A decentralized autonomous organization is a collection of funds run by numerous decentralized individuals worldwide. The cooperative is run by a series of computer programs and rules established and voted upon by those in the organization.
All the rules, regulations, and funds deposited into the DAO are safely maintained on a blockchain. Blockchain-based security, correctly applied, is typically seen as “unhackable” and provides an avenue for disenfranchised younger or smaller investors to invest in alternative assets.
When anyone bought into the DAO and invested their virtual currency (backed by cash), their token represented potential capital gains and involvement in community affairs, including capital allocations to investments.
Business pitches would be heard from all the investors, and a voting process would either approve or deny the proposal. For the Genesis DAO, if the project received more than 20% of all tokens as proxies for approval, the DAO would automatically transfer the cryptocurrency Ether to the winning proposal. Any excess Ether that was later created by the funded proposal (as profit or similar) would be given back to the investing parties as capital gains.
Those who created the Genesis DAO also wanted to ensure that minority voters were protected. Since 20% was the bare minimum needed to approve a proposal, there could be many investors who didn’t approve of it despite its passage.

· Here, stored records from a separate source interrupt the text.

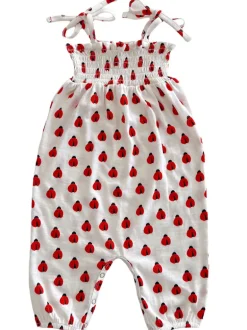 Ladybug / Organic Smocked Jumpsuit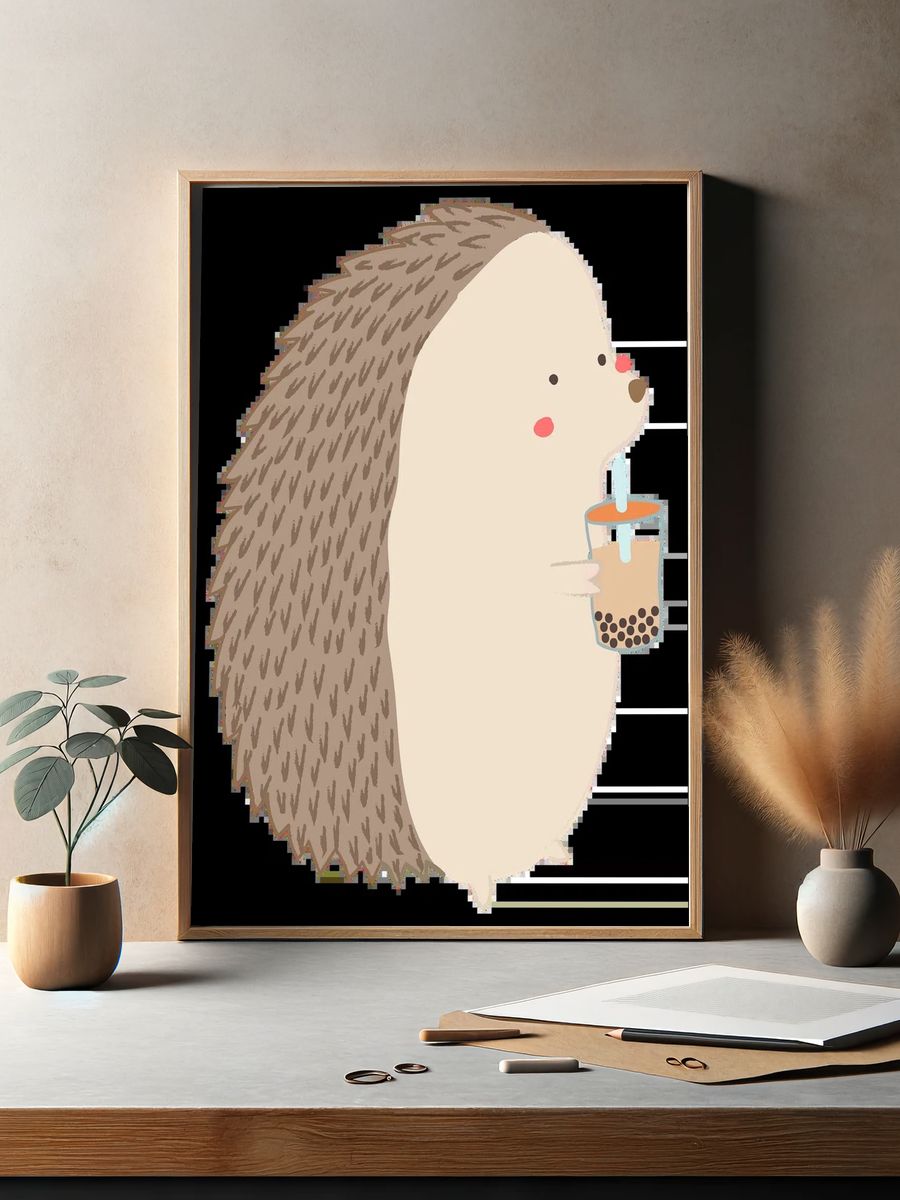 Cute porcupine drinking bubble tea. — room view 2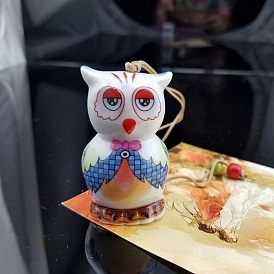 Porcelain Hanging Wine Chime, Sunny Doll/Owl/Frog/Dog Pendant Decorations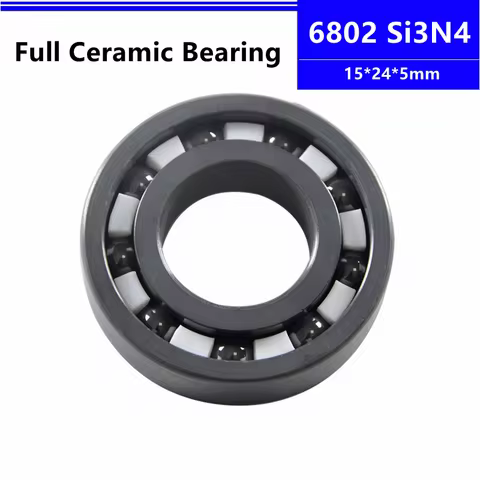 Si3N4 ceramic bearing 6802 15*24*5mm silicon nitride full Ceramic deep groove ball bearing 15x24x5 m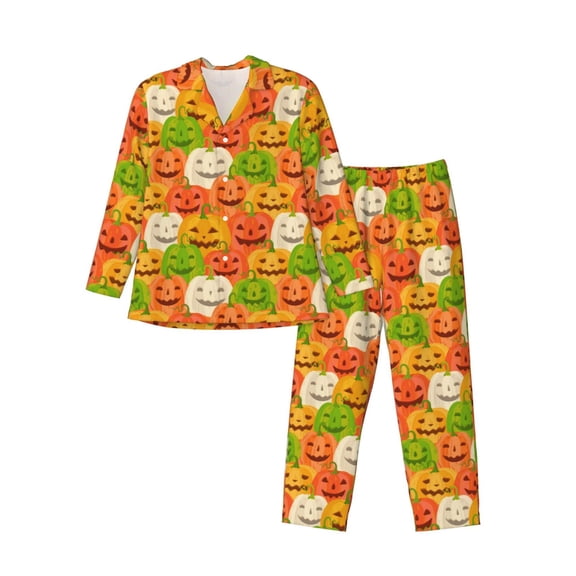 Logiee Cartoon Pumpkins Print Mens Long Sleeve Pajama Set,Notched Collar Pajamas for Men, Men's Sleepwear,Mens Sleepwear with Pockets & Button Down-XX-Large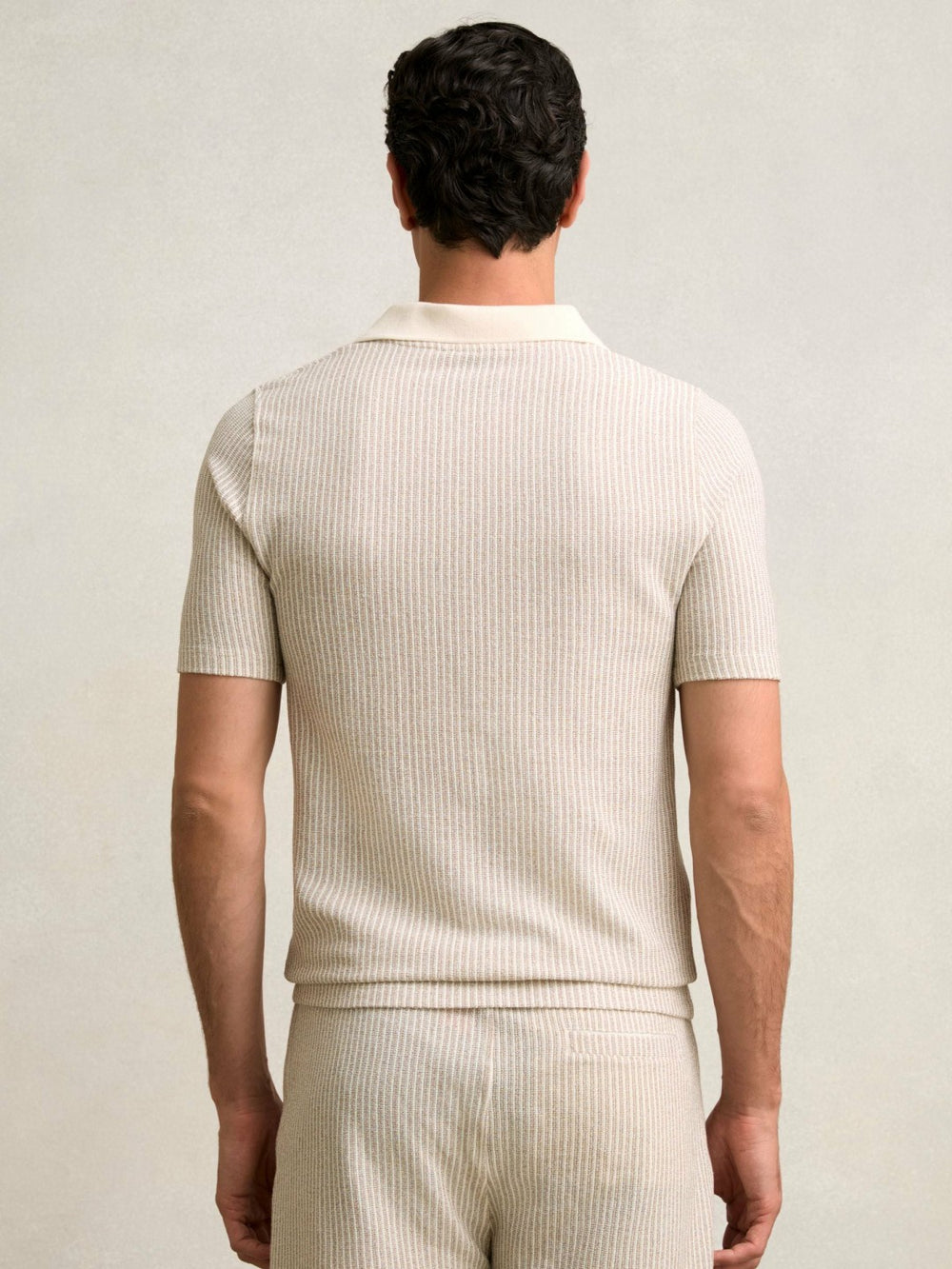 Cotton-Blend Stripe Polo Shirt in Ecru/Taupe Brown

The developers of the Genesis DAO created a way for minority investors to get their funds back if the DAO approves and funds a project they don’t support. The minority interest would split their tokens into a “child DAO.” After 48 days of waiting, they would get their Ether back. The concept of a child DAO would later become a critical part of the heist.

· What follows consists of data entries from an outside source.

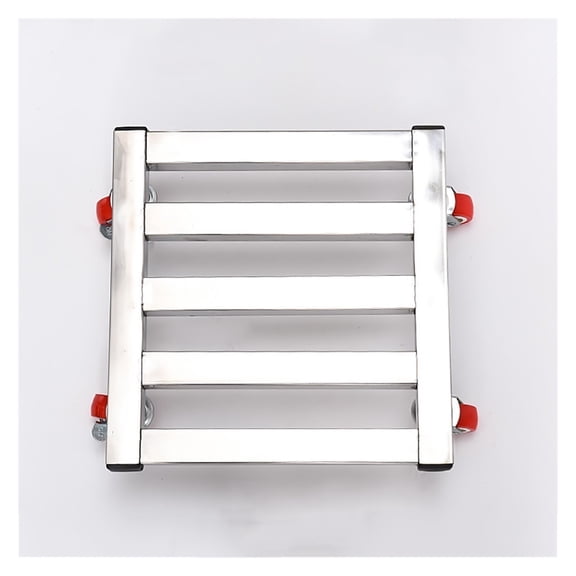 Square Plant Pot Stand Steel with Wheels,Heavy Duty Moveable Flower Rolling Caddy Metal Wheeled Coaster for Outdoor,Indoor Dolly Holder Rolling Tray Coaster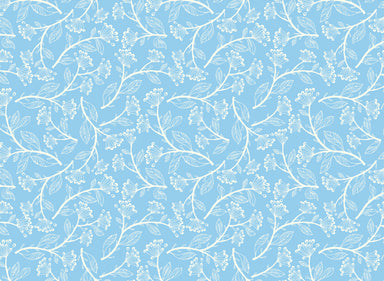 This Rossi 1931 Decorative Letterpress Paper features a repeating pattern of delicate flower and leaf patterns in white on a blue background. 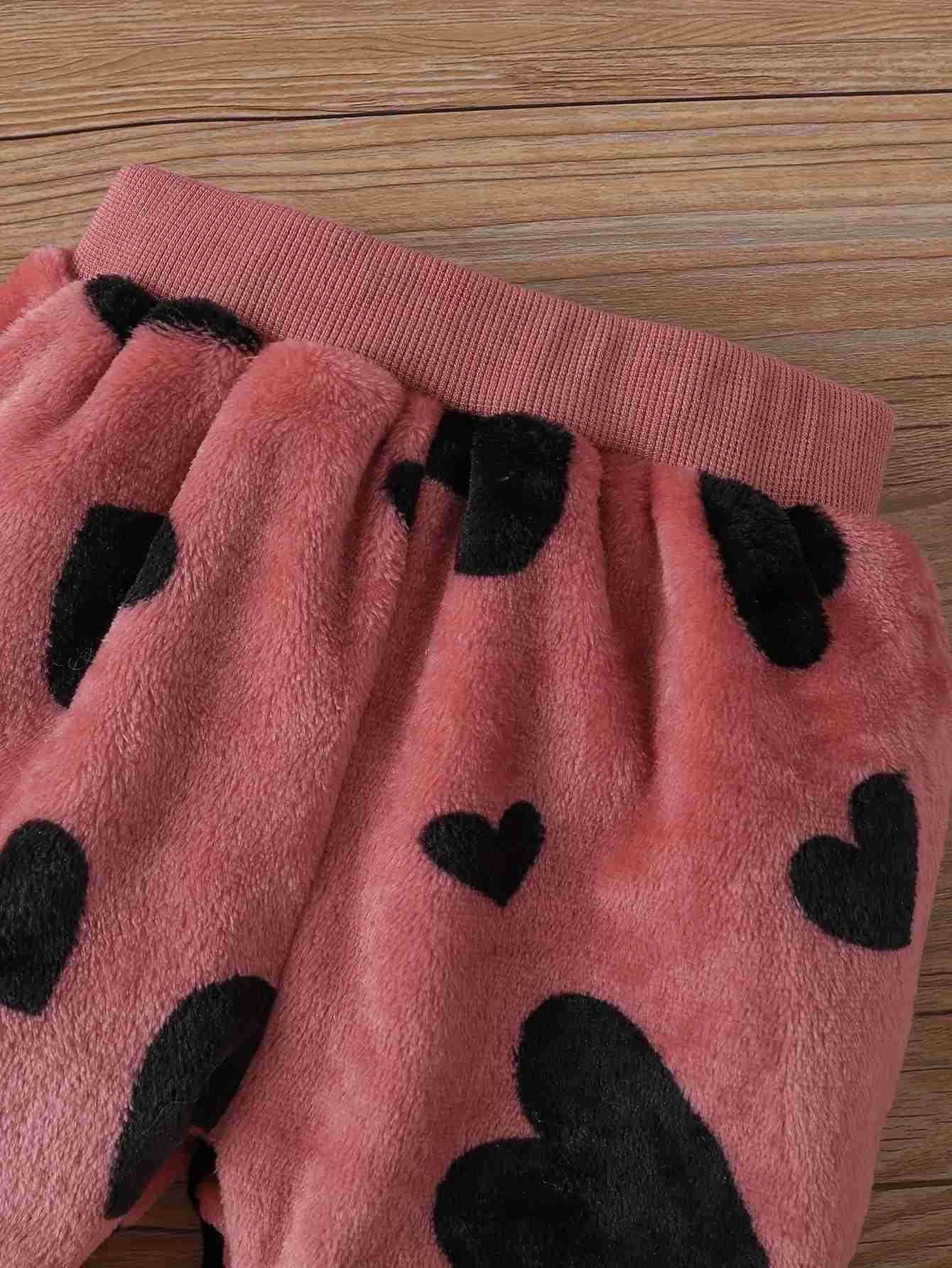 0-2 year old baby autumn and winter warm and comfortable love plush hooded top + plush pants two-piece setXJ241205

With the Genesis DAO up and running, it began to drum up much interest and an equal amount of investment cash.
The DAO was hugely successful immediately, generating over USD150 million worth of Ether, and soon had more than 11,000 investors by May 2016. Initially, the tokens sold to investors would be held for 28 days before the DAO began formal operations.
Around this time, some began to speculate that there was possible hacker infiltration. They saw weaknesses in the system and pointed them out to DAO developers and leadership. But before developers could fix the security holes concerned investors highlighted, a group of hackers broke into the smart contracts built into the system.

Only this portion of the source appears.